— Здравствуй, Элиза, — теперь не стоявший лицом к окну сказал Маркс Питерс.
— Добрый день, — ответила я, шагая в сторону своего стула.
— Почти вечер, — глянул в окно. — Как планируешь его провести?
— Никак, — с каменным лицом ответила я усаживаясь.
— Совсем? — потянул руку к серванту со стоящими в нём фигурками. — А как же домашние заботы? — стал крутить перед собой снежный шар.
— А, — опомнилась, — точно: почищу зубы.
— Хорошая затея, — присел на стол. — А я, знаешь ли, буду весь вечер работать, копаться в бумагах.
— Здорово, — совсем равнодушно ответила я.
— Здорово, когда есть работа?
— Здорово, когда есть, на что отвлечься от вечных проблем.
— Вы не правы, — звонко поставил шар на стол. — Все постоянно пытаются зарыться в делах, лишь бы не вылезать из этого панциря, а Вы, — тыкнул в меня указательным пальцем, — вовсе замалчиваете всю ту боль, что в Вас, Элиза, сидит.
— А ваша проблема в том, что Вы лезете в чужие головы, мистер Питерс, в чём я не нуждаюсь, — недовольно скрестив руки, крикнула я.
— Разве я говорю что-то неочевидное? — с сожаления посмотрел на меня. — Мне кажется, я узнал о том, что у Вас произошло одним из первых, а затем постоянно думал о Вашей ситуации.
— И что надумали?
— Может, вам и не знакомо такое понятие, как любимое дело, — чуть задумался, — но я переживал то чувство, что ощущаете Вы: двадцать лет назад я потерял дочь, неродную сестру Леви, а затем и отца, тогда директора этой школы.

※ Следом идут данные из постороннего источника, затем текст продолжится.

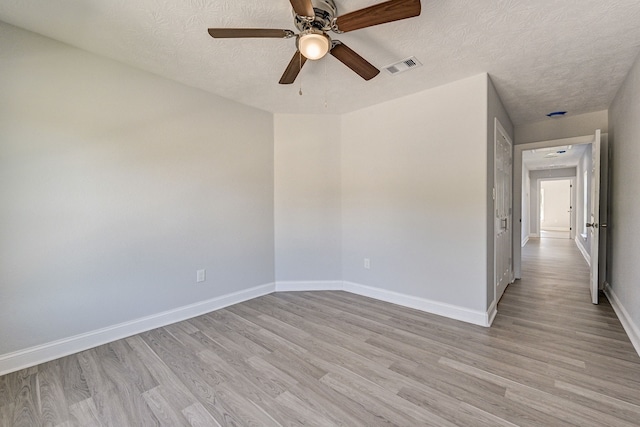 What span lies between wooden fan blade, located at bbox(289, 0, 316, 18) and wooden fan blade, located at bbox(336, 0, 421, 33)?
169mm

— Предлагаете мне сесть на ваше место? — неловко посмеялась я.
— Предлагаю жить дальше! — встал. — Оглянись вокруг: жизнь вне собственных рамок существует, — схватил шар и стал трясти его. — Может, этот искусственный снег так и останется до конца своих дней в этом стекле, но зато какой он красивый, когда его поднимать с этой земли.
Может, Маркс Питер был прав. Нам свойственно терять, но также и приобретать, а вся наша жизнь, как эта фигурка: стоит растрясти, как она становится необычайно прекрасной.
— Я не понимаю, зачем Вы мне этого говорите.
— Нам свойственно терять, Элиза! Просто что-то мы способны удерживать, а что-то — нет.
— Но Вы сами не хотите, чтобы я продолжала учёбу, — обиженно проговорила я.
— Всё правильно, Вы и не представляете, каково это «выходить за собственные рамки», Элиза.
— Я не могу так.
— Встаньте уже, — потянул меня за руку. — Так же всегда вставайте и идите, перебарывая себя!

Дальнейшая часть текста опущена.